I think it is pretty awesome! I'm actually only about halfway through the first track and I love the timpani work and really, the entire thing so far...great interplay between piano and orchestra and some really nice things I only wish I was hearing on real instruments...nonetheless, sit hear listening to each note and loving each moment...waiting for the next...sure sign of a good piece!

So, no complaints or suggestions so far from me...something tells me there won't be any. Good stuff.


----------



## chopinsky

I am glad that you like the piece. but you couldn't fine anything that you didn't like at all? I am not really an orchestrator so I doubt that what I have here would sound the same, given a real orchestral performance.


----------



## livioguerra

chopinsky said:


> I am glad that you like the piece. but you couldn't fine anything that you didn't like at all? I am not really an orchestrator so I doubt that what I have here would sound the same, given a *real orchestral performance*.


you are truly gifted ...
most important, your music is original and modern ...
sooner or later you will surely get recognition ...
as for the _real performance_ test ... everything I heard on your youtube channel is sound from the musical writing point of view : I'm ready to bet that it will sound _better_ than your computer mixes ...
best
Livio


----------



## Lunasong

I like it, what is the low instrument featured on II because I honestly cannot tell from the playback. I'm envisioning a horn...

What parts do you not like, and maybe we can more closely evaluate those.


----------



## chopinsky

livioguerra: Thanks for your comments, it is much appreciated .


----------



## chopinsky

@Lunasong: The instrument that you are hearing in the II part that dialogues (?) with the piano and orchestra is a tuba. I don't think a horn can quite hit some of those lower notes.

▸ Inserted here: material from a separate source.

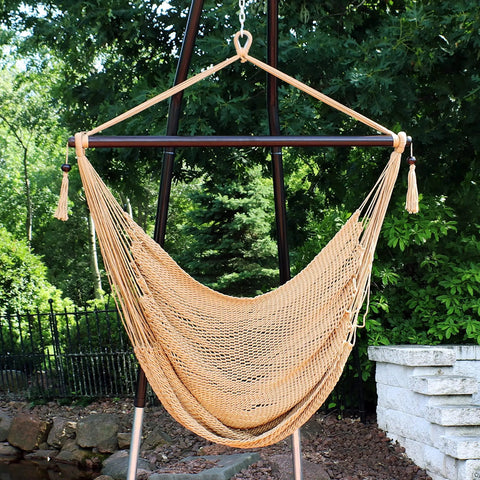 Outdoor Hammock Chair Swing For Reading And Lounging On The Patio Or Indoors 300 Lb Capacity Caribbean XL Tan Durable Soft Polyester Rope Seat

I guess my main issue with this piece comes from the fact that I am not an orchestrator, so even though something might sound alright, I am not sure if it would work in a real life setting. 

There is extensive use of percussion instruments (timpani, drums and cymbals) which I think might be overdone a bit (I am not trying to write a soundtrack for an action movie), but I am not sure how to tone this down, and still have the same effect.

There is also extensive use of pizzicato for the lower range stringed instruments (Double Bass and Cello in some parts), I don't really know how to change this so that those instruments don't sound so monotonous

Another issue involves the possibility of cluttered orchestration, (are there too many instruments playing at the same time? Does this always work in a real orchestral setting?) or inaccurate orchestration.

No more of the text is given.